## Data block
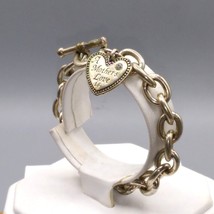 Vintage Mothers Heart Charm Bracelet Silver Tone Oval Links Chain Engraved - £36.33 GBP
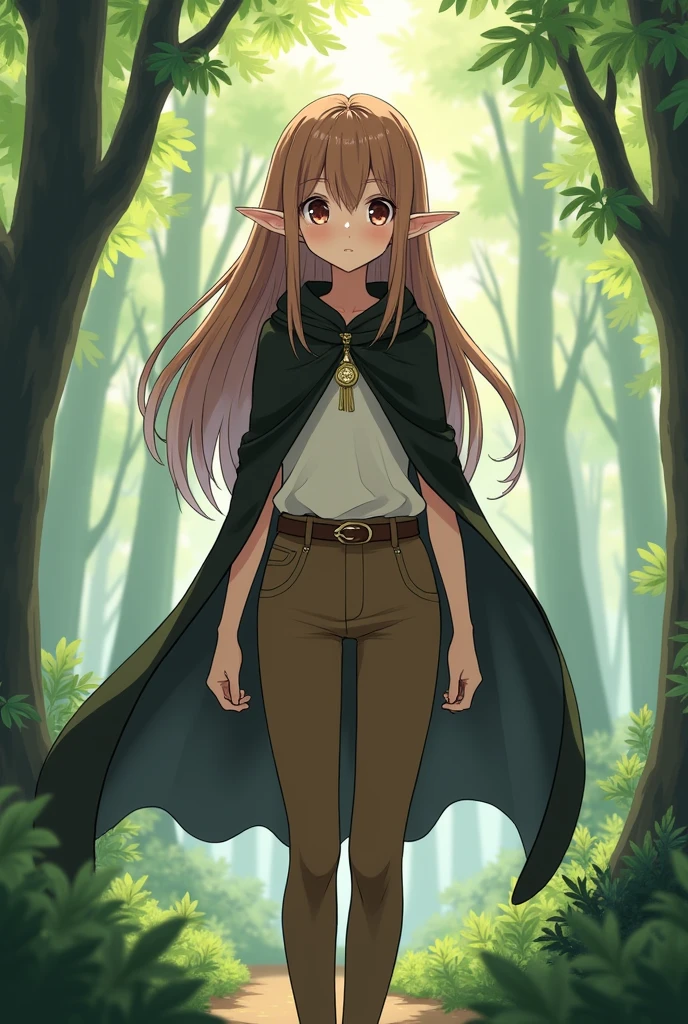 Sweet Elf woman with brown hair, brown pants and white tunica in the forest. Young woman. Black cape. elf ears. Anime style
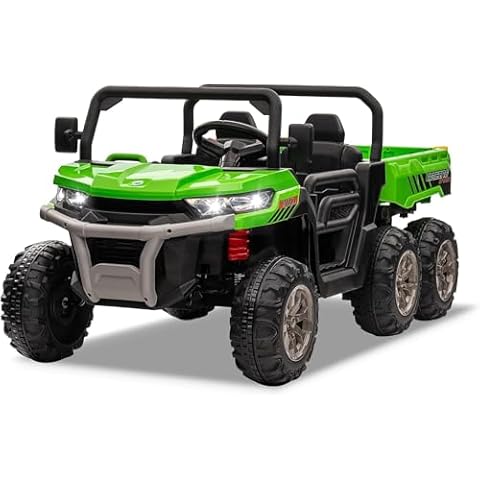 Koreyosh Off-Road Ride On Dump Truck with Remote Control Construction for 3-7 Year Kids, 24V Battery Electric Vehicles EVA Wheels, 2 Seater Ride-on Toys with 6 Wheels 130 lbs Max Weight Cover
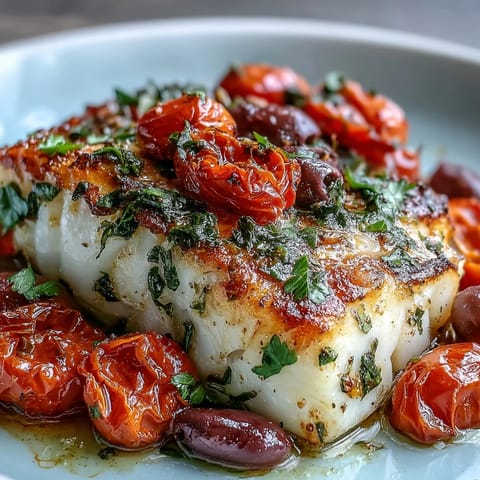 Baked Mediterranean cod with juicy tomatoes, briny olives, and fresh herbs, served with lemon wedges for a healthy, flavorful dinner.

## Task to complete
Copy only this, please: the line with "Koreyosh Off-Road Ride" and every line after it through the end of the data, with no pictures.

## Result of the task
 Koreyosh Off-Road Ride On Dump Truck with Remote Control Construction for 3-7 Year Kids, 24V Battery Electric Vehicles EVA Wheels, 2 Seater Ride-on Toys with 6 Wheels 130 lbs Max Weight Cover
 Baked Mediterranean cod with juicy tomatoes, briny olives, and fresh herbs, served with lemon wedges for a healthy, flavorful dinner.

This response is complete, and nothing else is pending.